Task: Repeat the records in full and exactly, omitting pictures.

(Image-text web data)
# # # #
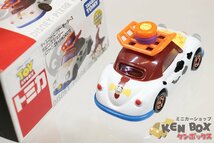 ディズニー・ピクサー モータース ポピンズ ジェシー ハロウィンエディション2013 販売店特別仕様車 箱少スレ フタ極少切れ 中国製_画像2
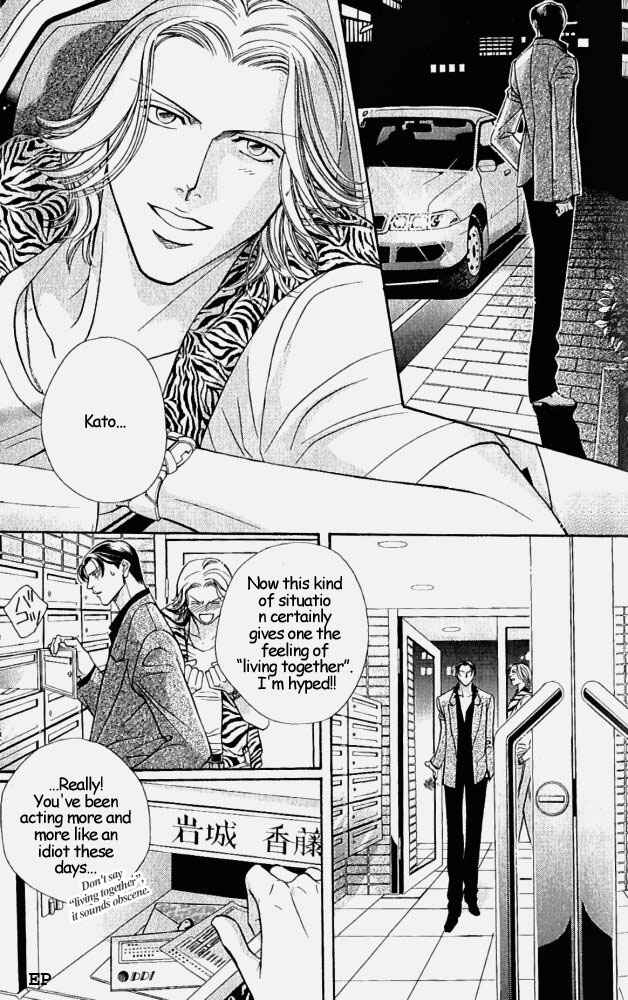 Page 3 Chapter 8 Haru wo Daiteita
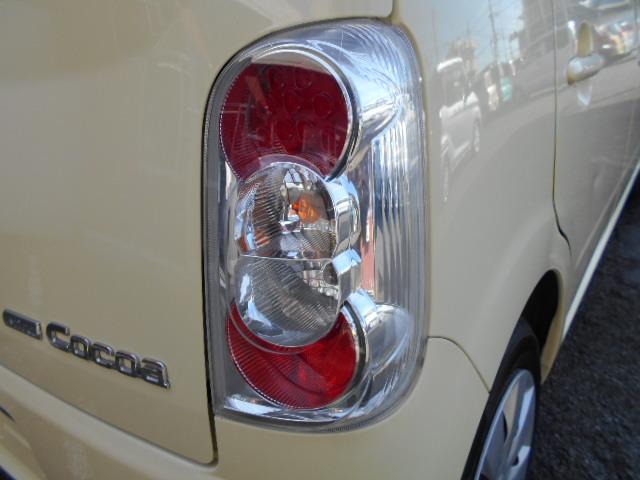 ミラココア ココアＬ　イクリプスナビＴＶ／バックカメラ／キーレス／アイドリングストップ／ドアバイザー／電動格納ミラー（26枚目）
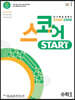 스코어 스타트(start core) 수학 2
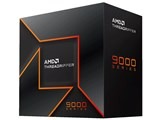 AMD Ryzen Threadripper 9980X BOX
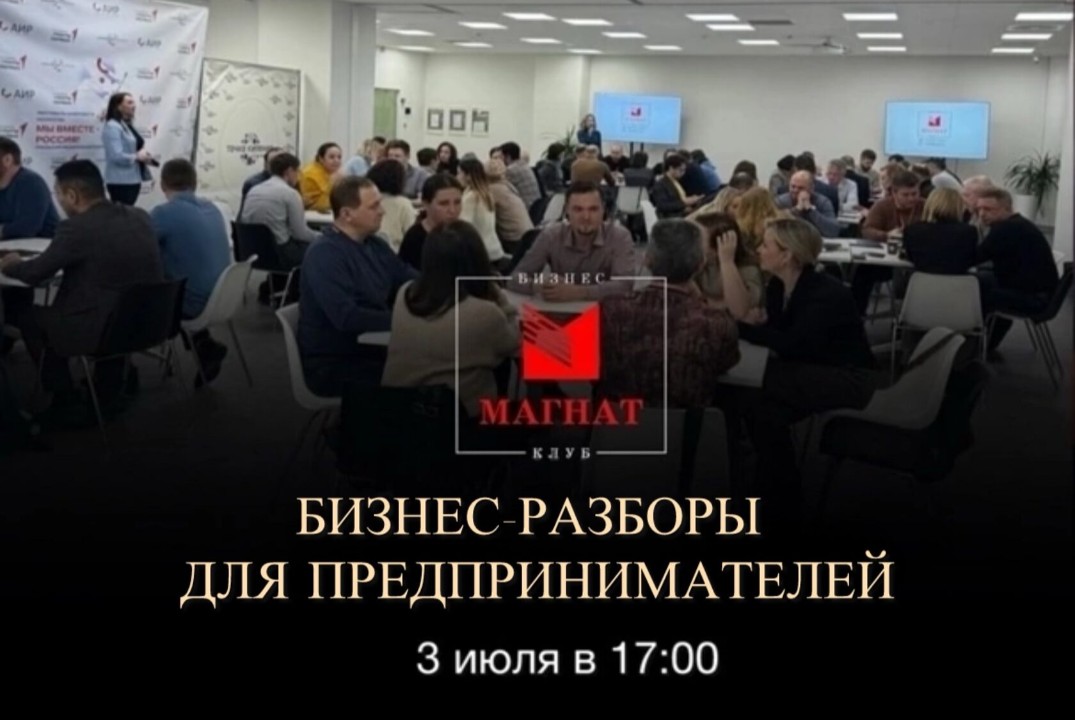 Магнат. Бизнес-разборы предпринимателей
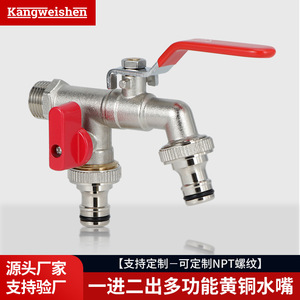 Robinet d'extérieur fileté, un entrée, deux sorties, durable, connecteur d'eau de jardin avec double sortie pour usage en cour et en jardin - Product Image 5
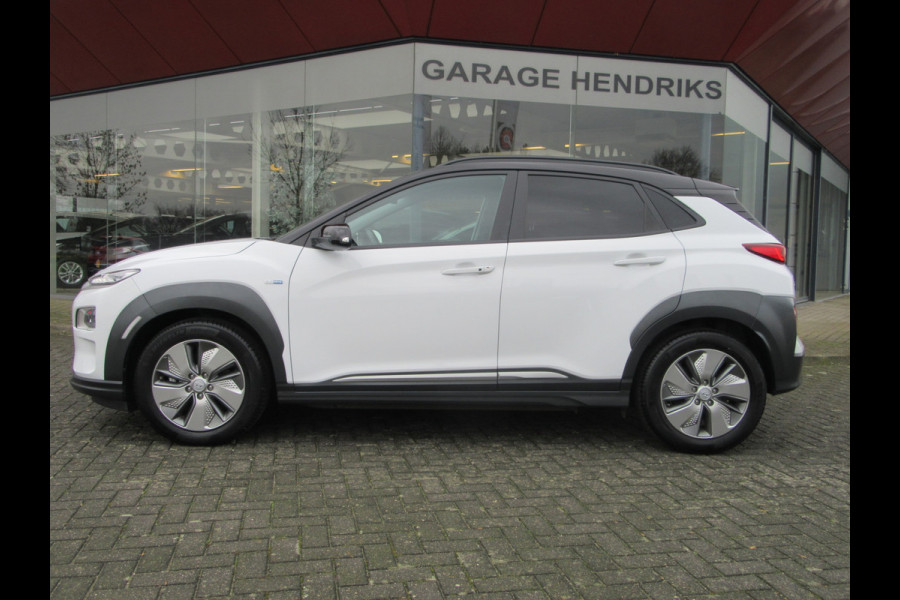 Hyundai Kona EV 64 kWh Two Tone zwart dak, Camera, stoel stuurverwarming (occasion)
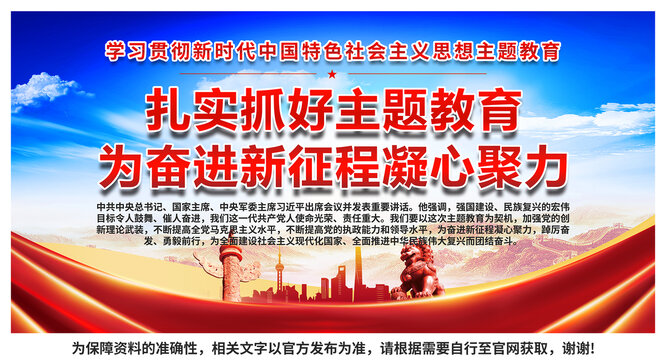 特色社會(huì)主義思想主題教育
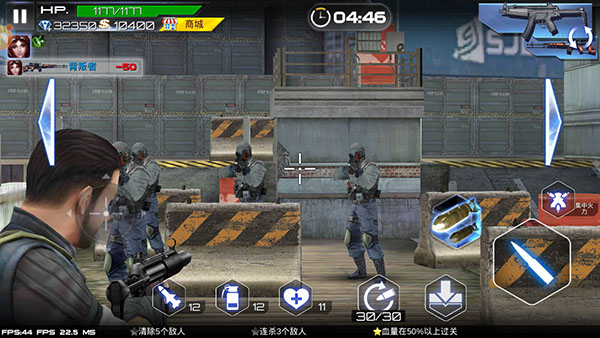 致命火线之佣兵传奇官方版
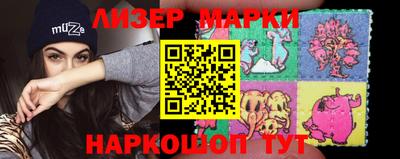соль курить ск Севастополь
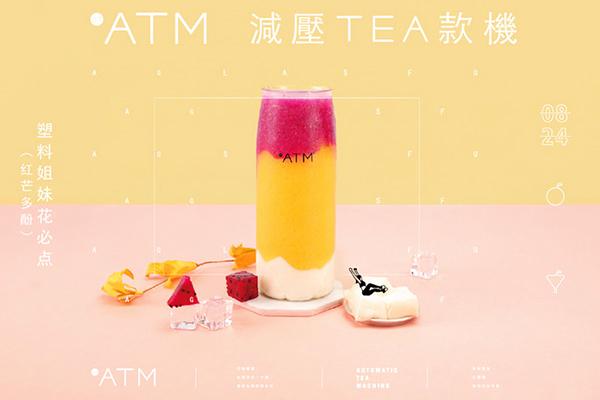 OTATM零帕茶产品图2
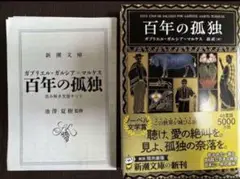 【新品】百年の孤独/新潮文庫/ガブリエル・ガルシア=マルケス/送料無料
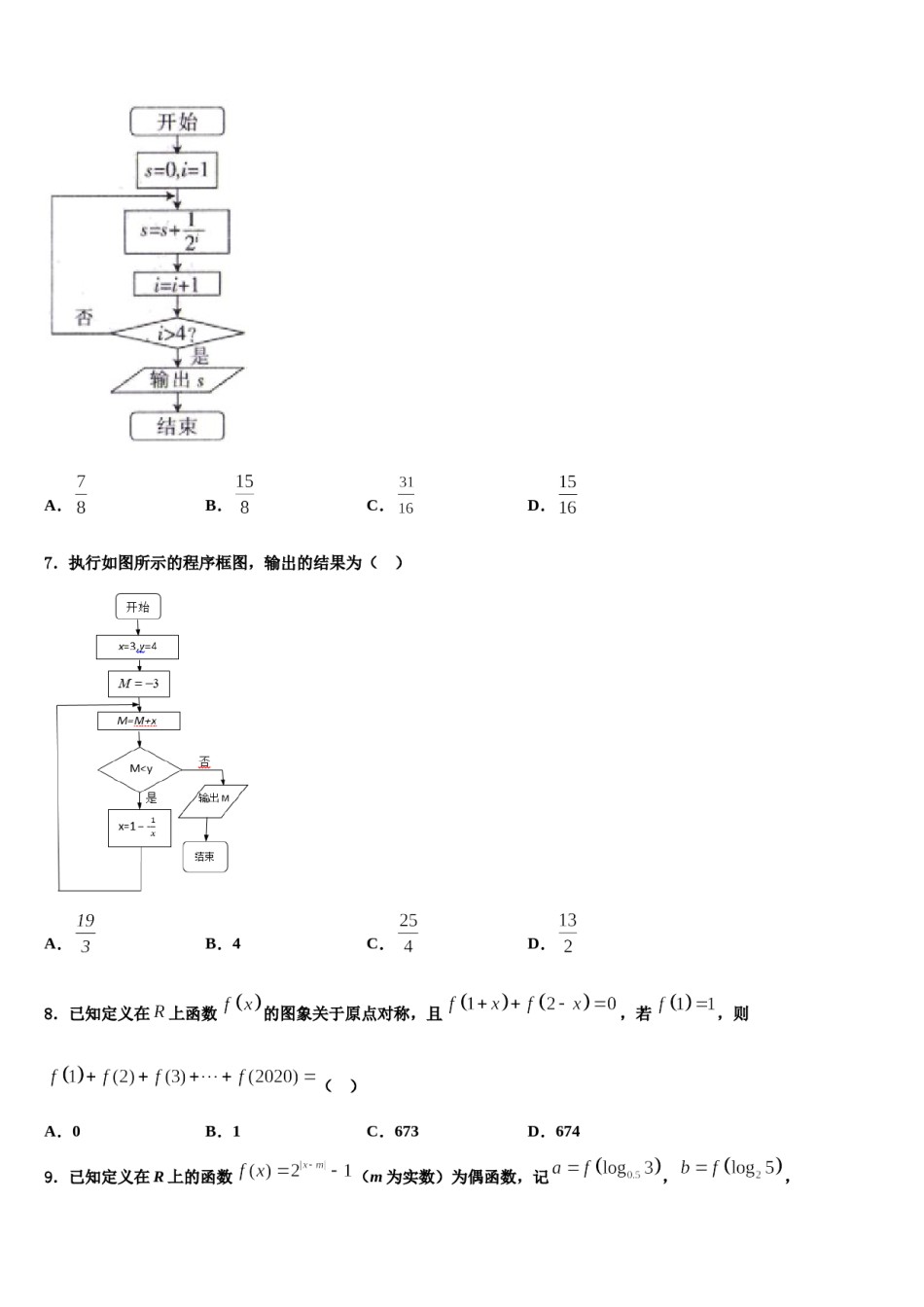 2024届湖南省湘西土家族苗族自治州民族教育科学研究院高三下学期联合考试数学试题含解析.doc_第3页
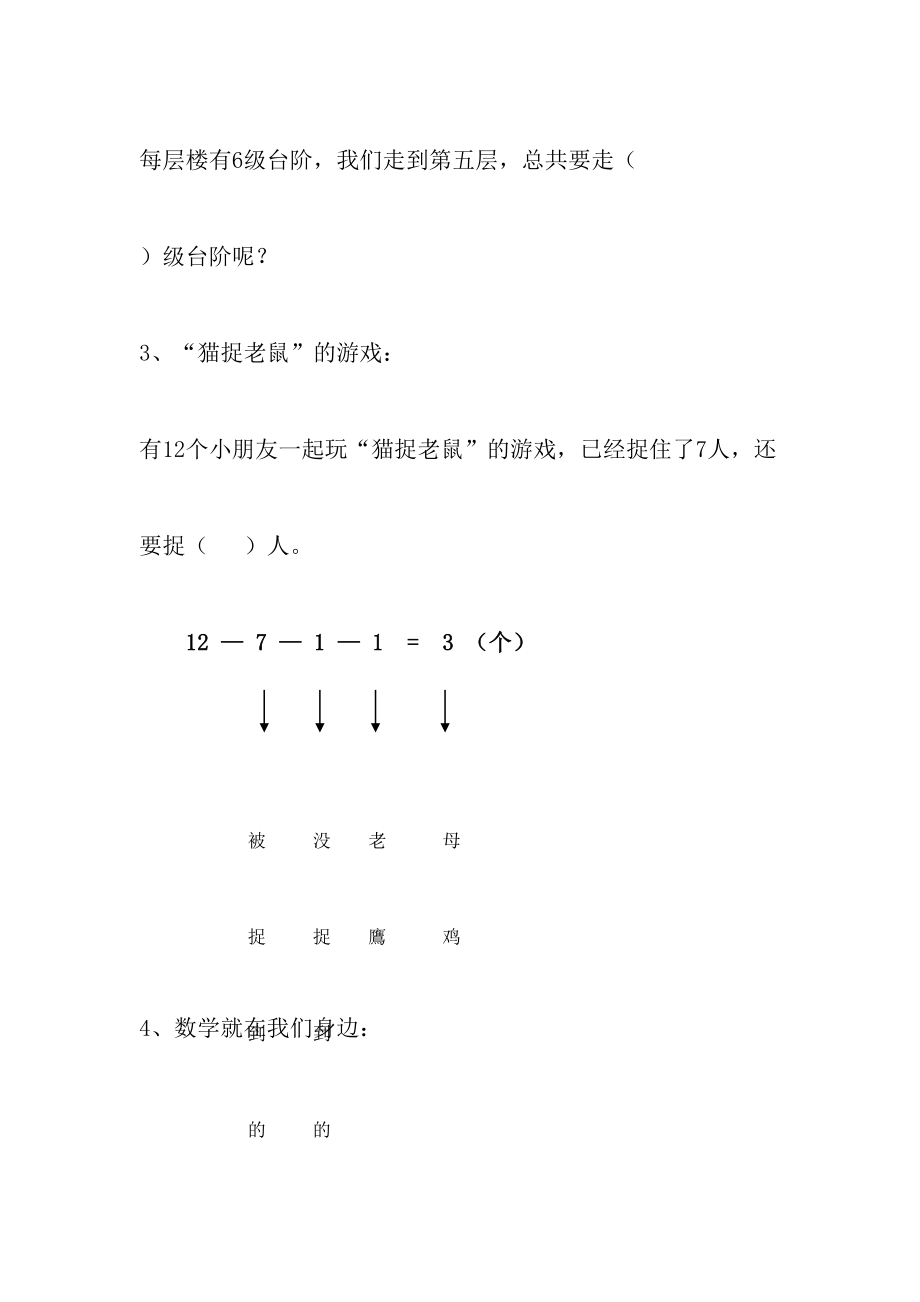 小学二年级趣味数学教案设计.doc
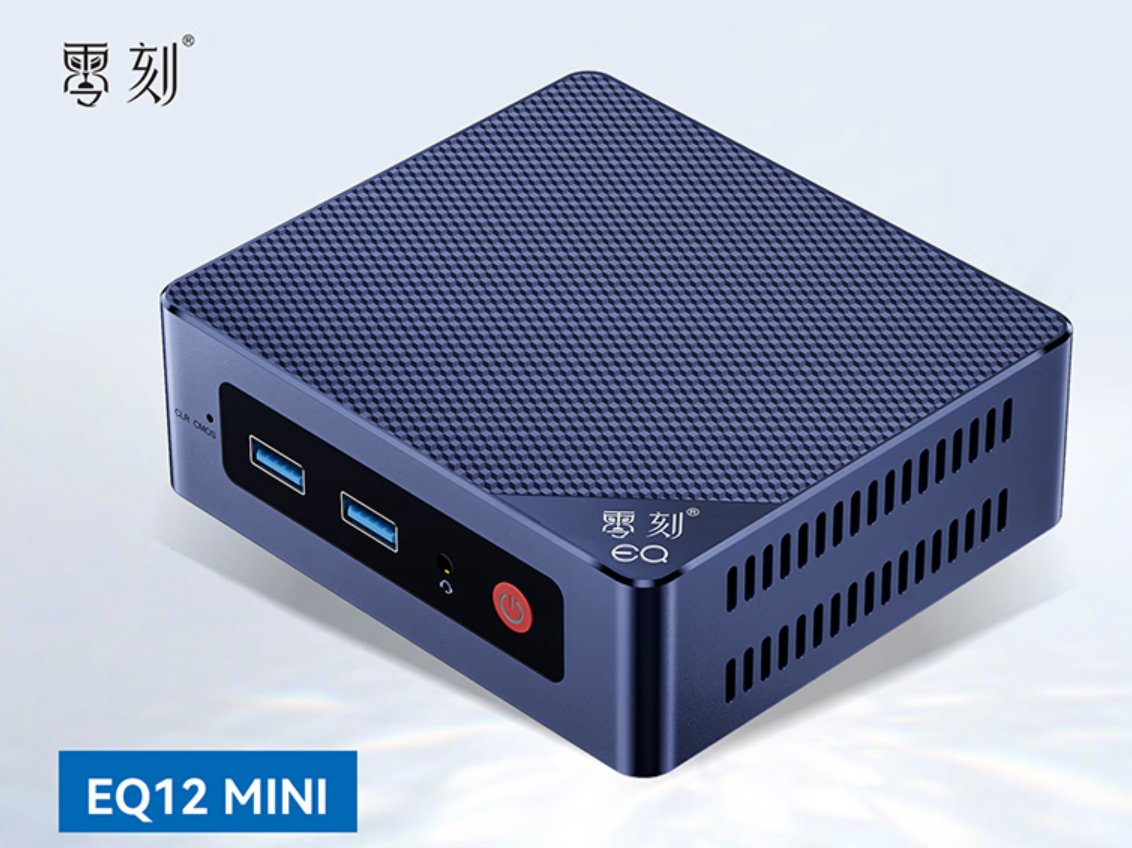 零刻 EQ12 mini 主机准系统降至585 元：搭载 N95 四核处理器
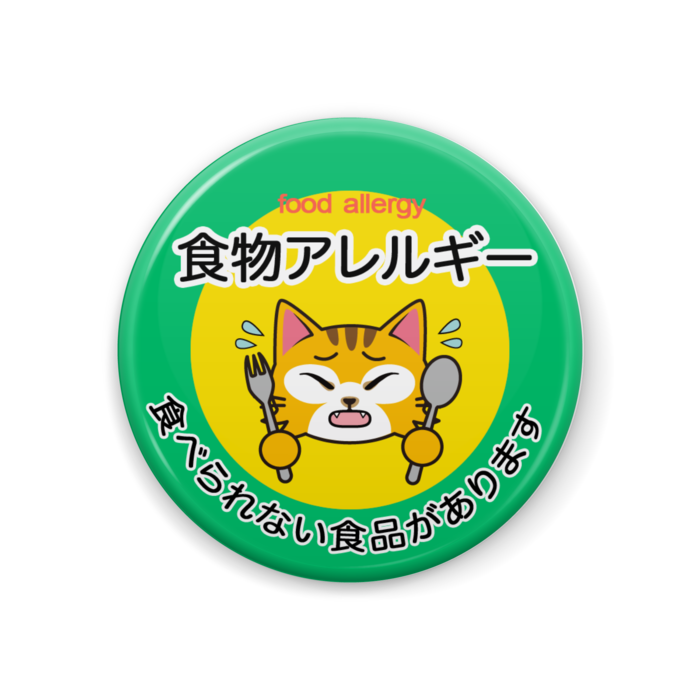 缶バッジ - 44mm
# # # #
Response to the exercise:
 ディズニー・ピクサー モータース ポピンズ ジェシー ハロウィンエディション2013 販売店特別仕様車 箱少スレ フタ極少切れ 中国製_画像2
 Page 3 Chapter 8 Haru wo Daiteita
 ミラココア ココアＬ　イクリプスナビＴＶ／バックカメラ／キーレス／アイドリングストップ／ドアバイザー／電動格納ミラー（26枚目）
 스코어 스타트(start core) 수학 2
 AMD Ryzen Threadripper 9980X BOX
 Магнат. Бизнес-разборы предпринимателей
 Robinet d'extérieur fileté, un entrée, deux sorties, durable, connecteur d'eau de jardin avec double sortie pour usage en cour et en jardin - Product Image 5
 Hyundai Kona EV 64 kWh Two Tone zwart dak, Camera, stoel stuurverwarming (occasion)
 特色社會(huì)主義思想主題教育
 致命火线之佣兵传奇官方版
соль курить ск Севастополь
 OTATM零帕茶产品图2
 【新品】百年の孤独/新潮文庫/ガブリエル・ガルシア=マルケス/送料無料
 2024届湖南省湘西土家族苗族自治州民族教育科学研究院高三下学期联合考试数学试题含解析.doc_第3页
 小学二年级趣味数学教案设计.doc
 零刻 EQ12 mini 主机准系统降至585 元：搭载 N95 四核处理器
 缶バッジ - 44mm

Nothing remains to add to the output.